Tan Malaka kembali ke Indonesia pada November 1919. Bekerja di sebuah perkebunan di Deli. Ketimpangan antara buruh pekerja dan tuan Belanda di tempat itu semakin memantapkan langkah Tan untuk memperjuangkan nasib kaum tertindas. Tan Malaka tidak punya senjata untuk melawan. Tetapi dia punya pena. Dengan tulisan itulah dia melawan ketidak adilan itu. Mulai 1920-an ia menulis banyak artikel politik. Dengan sangat terpelajar dia mengkritisi sistem Soviet dan parlementer pada sistem monarky. Tulisannya dimuat di majalah Soeara Ra’Jat. 


Tokoh PKI, Samaun pergi ke Rusia. Tahun 1921, Tan Malaka terpilih sebagai ketua Partai Komunis Indonesia (PKI). Ia mengembangkan cabang PKI di daerah dan mengecam pemerintahan kolonial yang menindas para buruh. Ia ditangkap karena terlibat dalam aksi pemogokan para buruh perkebunan (1922).  Tapi dengan cerdik Tan minta diasingkan ke Belanda. Di depan pengadilan Den Haag pada 1928 Tan meyampaikan pledoi yang sangat cemerlang.


Di Belanda Tan Malaka dekat dengan gadis Belanda, Fenny Struijvenberg.  Disaat cinta sedang tumbuh, ia pergi ke Moskwa, Rusia (1922) untuk ikut pertemuan komunis sedunia. Pada pertemuan itu, Tan Malaka diangkat sebagai wakil Komunis Internasional (Komintern) untuk Asia Tenggara. Sejak itulah dia dianggap oleh negara imperialis sebagai musuh berbahaya. Pemikirannya merusak standar politik imperialis.  Tan buron. Ia diburu oleh agen Inggris, Belanda, Amerika, Jepang. 


Dalam Pelarian itu, ia menulis buku mengenai Indonesia, berjudul Indonezija: ejo mesto na proboezjdajoesjtjemsja Vostoke (Indonesia dan empatinya di timur yang sedang bangkit). Sementara hubungannya dengan Fenny Struijvenberg tak ada ujung pangkalnya. Tapi di Manila pada 1927, dia mendapatkan labuhan hati. Seorang putri tokoh universitas. Hubungan mereka kandas karena Tan Malaka ditangkap oleh intel Amerika. Dia dibuang ke Tiongkok. Tan bisa meloloskan diri disaat dalam perjalanan ke Tiongkok. Ia menggunakan nama samaran, Ong Soong Lee.  Saat menetap di Xiamen itulah Tan  Malaka bertemu seorang gadis Amoy berusia 17 tahun berinisial “AP”. Tapi hubungan kandas karena Tan harus terus berlari. Dari Tiongkok dia menuju Malaya. Kemudian menetap di Singapura.

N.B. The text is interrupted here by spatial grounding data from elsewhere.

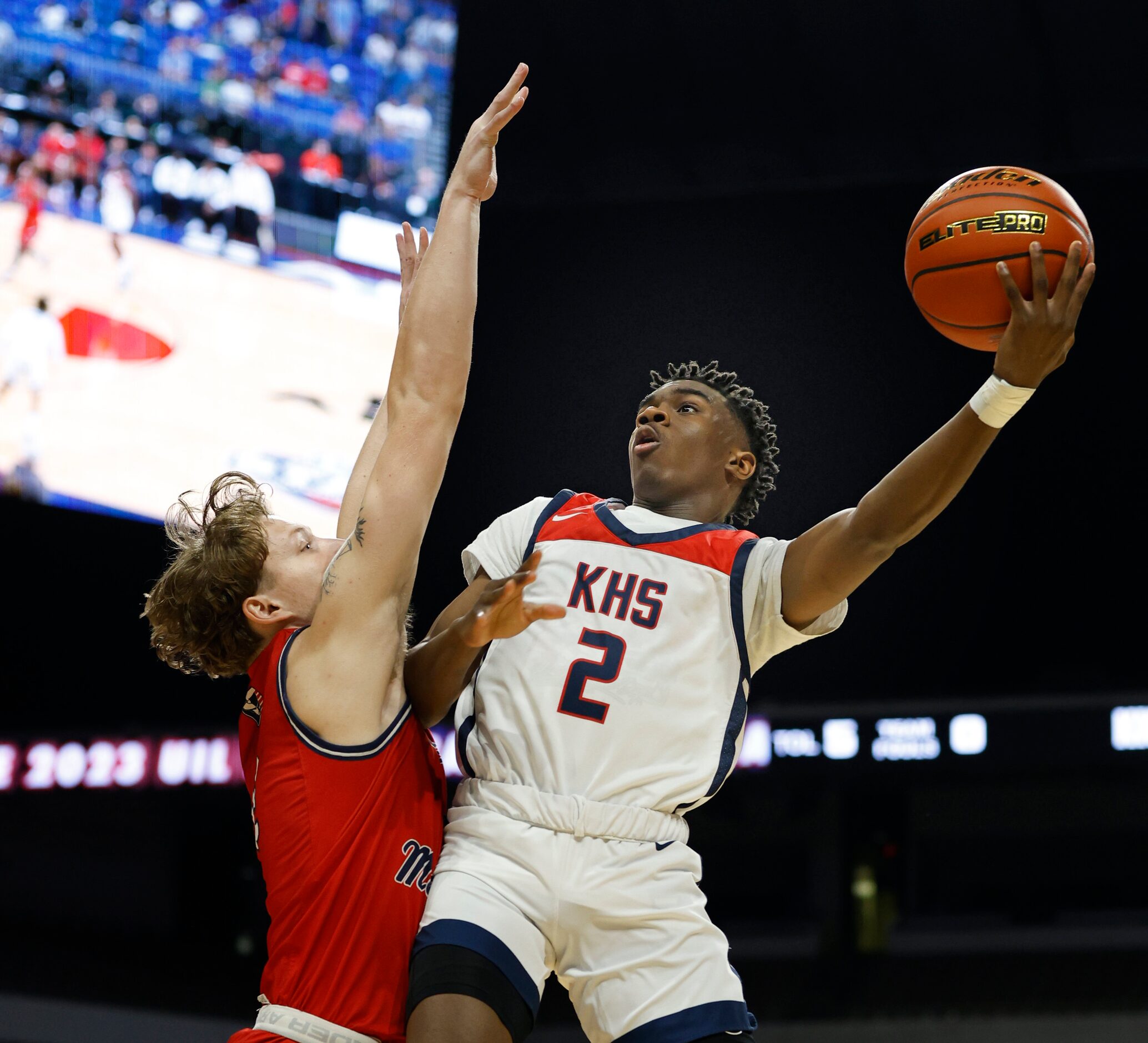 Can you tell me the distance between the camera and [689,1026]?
2500mm

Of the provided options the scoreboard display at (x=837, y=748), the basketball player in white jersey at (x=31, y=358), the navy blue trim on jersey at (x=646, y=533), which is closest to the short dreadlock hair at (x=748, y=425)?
the navy blue trim on jersey at (x=646, y=533)

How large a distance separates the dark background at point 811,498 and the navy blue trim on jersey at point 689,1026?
5.97 meters

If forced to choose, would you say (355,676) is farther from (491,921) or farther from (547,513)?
(547,513)

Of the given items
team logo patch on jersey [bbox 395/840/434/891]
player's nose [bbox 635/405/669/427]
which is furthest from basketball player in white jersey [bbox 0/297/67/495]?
team logo patch on jersey [bbox 395/840/434/891]

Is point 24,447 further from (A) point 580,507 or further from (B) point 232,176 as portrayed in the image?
(A) point 580,507

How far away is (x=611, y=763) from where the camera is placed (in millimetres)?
2703

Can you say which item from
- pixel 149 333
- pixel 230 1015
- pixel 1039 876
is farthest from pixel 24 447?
pixel 1039 876

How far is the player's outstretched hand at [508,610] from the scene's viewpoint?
244 cm

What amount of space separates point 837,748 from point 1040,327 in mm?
6339

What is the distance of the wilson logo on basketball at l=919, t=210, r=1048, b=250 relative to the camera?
2650mm

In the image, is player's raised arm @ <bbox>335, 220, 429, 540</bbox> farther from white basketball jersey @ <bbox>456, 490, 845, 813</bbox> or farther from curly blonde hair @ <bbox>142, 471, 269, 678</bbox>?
white basketball jersey @ <bbox>456, 490, 845, 813</bbox>

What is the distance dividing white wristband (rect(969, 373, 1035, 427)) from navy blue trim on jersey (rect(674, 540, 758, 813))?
2.02 ft

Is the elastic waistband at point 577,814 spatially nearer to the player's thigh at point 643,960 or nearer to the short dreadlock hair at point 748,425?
the player's thigh at point 643,960

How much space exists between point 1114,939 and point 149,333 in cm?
703
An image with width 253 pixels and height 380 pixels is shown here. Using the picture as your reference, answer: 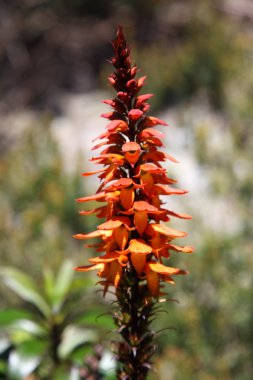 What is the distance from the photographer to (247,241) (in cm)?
460

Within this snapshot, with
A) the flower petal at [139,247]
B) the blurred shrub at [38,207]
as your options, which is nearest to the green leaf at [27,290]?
the flower petal at [139,247]

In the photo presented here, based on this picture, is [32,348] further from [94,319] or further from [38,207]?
[38,207]

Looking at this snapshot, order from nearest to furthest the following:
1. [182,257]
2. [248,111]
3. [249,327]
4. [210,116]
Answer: [249,327], [182,257], [248,111], [210,116]

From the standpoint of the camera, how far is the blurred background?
2.80 meters

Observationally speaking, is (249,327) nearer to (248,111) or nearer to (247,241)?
(247,241)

Di Singapore wilayah jajahan Inggris itu, dia  menggunakan nama Hasan Gozali dan bekerja sebagai guru pada sebuah sekolah. Tak jelas apakah dia kembali menjalin hubungan cinta di sana. Karena keburu terjadi invasi Jepang ke negara Asia Tenggara. Pada 1942 
Tan Malaka melihat ada kesempatan untuk pulang.  Dengan sampan dia berlayar sampai di Indonesaia. Dia hidup secara rahasia selama Jepang berkuasa. Sampai tahun 1943 ia tinggal di Cikini Jakarta, menulis buku Madilog -Materialisme, Dialektika, Logika. Buku itu karya besar Tan Malaka. Buku yang lahir dari perenungan panjang selama pelarian di luar negeri dan melihat benturan peradaban Barat dan Timur. Tan sadar bahwa kemerdekaan sejati adalah kemerdekaan berpikir. Untuk apa kemerdekaan terjadi, kalau pemikiran masih terisolasi oleh pemikiran primodial dan sektoral, eklusif. 

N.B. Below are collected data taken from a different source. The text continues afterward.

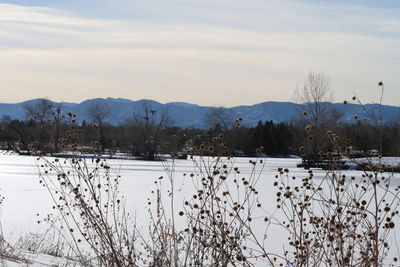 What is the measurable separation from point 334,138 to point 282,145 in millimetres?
60676

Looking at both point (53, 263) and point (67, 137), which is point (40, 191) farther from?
point (67, 137)

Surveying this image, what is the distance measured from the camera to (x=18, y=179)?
21.2 m

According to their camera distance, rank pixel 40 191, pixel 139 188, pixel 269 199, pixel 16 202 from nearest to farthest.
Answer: pixel 16 202 < pixel 269 199 < pixel 40 191 < pixel 139 188

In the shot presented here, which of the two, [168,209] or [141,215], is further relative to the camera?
[168,209]

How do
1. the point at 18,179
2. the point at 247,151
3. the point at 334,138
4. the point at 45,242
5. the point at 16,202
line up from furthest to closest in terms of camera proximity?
the point at 247,151, the point at 18,179, the point at 16,202, the point at 45,242, the point at 334,138

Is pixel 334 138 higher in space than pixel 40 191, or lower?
higher

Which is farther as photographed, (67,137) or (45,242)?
(45,242)

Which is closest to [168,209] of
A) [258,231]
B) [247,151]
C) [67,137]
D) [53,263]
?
[258,231]

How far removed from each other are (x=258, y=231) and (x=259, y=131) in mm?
52384

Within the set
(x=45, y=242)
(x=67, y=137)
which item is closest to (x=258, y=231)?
(x=45, y=242)

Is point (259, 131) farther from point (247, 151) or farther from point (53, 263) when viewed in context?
point (53, 263)

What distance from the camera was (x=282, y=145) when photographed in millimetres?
63875

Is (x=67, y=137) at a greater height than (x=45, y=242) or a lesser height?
greater

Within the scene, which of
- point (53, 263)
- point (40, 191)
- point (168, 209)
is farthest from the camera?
point (40, 191) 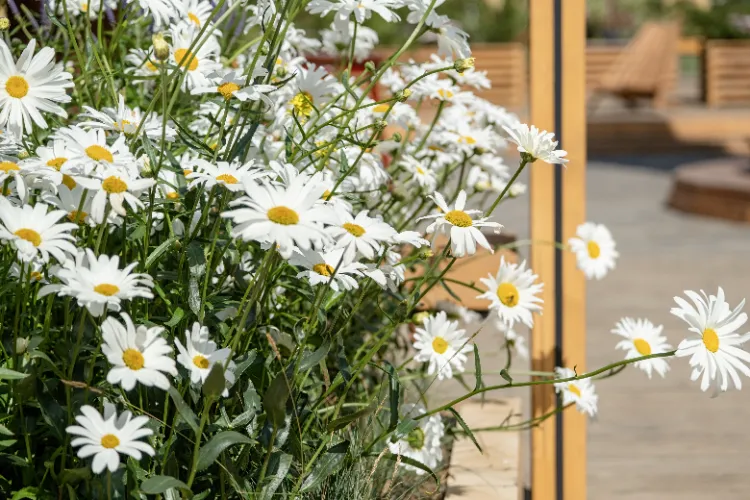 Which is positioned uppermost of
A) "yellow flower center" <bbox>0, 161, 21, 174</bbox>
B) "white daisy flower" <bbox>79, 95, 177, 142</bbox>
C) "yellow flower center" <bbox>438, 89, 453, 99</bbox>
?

Di tengah pelarian dan bersembunyi itu. Da dapat kabar. Syarifah sudah bercerai. Punya anak lima. Melalui temanya, dia diatur bertemu dengan syarifah. Namun saat bertemu, Syarifah menolak pinangan Tan Malaka. Kandas sudah cintanya ditengah gejolak perjuangan menuju Indonesia merdeka. Tan biarkan semua yang buruk datang padanya. Dia focus menggelorakan pergerakan kemerdekaan dalam badai revolusi. Sahabatnya Ahmad Soebardjo sempat kenalkan dengan ponakanya, Paramita Abdurrachman. 


Paska proklamasi kemerdekaan, Indonesia dalam status quo secara hukum international. Pengakuan kemerdekaan butuh proses pembuktian tekad antara kehendak kaum republikan dan kerajaan yang masih diakui eksistensi hukumnya. Revolusi pun meledak tak  terhindarkan. Saat itu kaum pergerakan terdiri dari tiga. Kaum nasionalis- Sosialis, komunis dan Islam. Kebetulan nasionalis lebih didukung kaum feodal dan tentara pelajar. Sehingga mereka punya legitimasi berdiplomasi dengan Belanda dan sekutu.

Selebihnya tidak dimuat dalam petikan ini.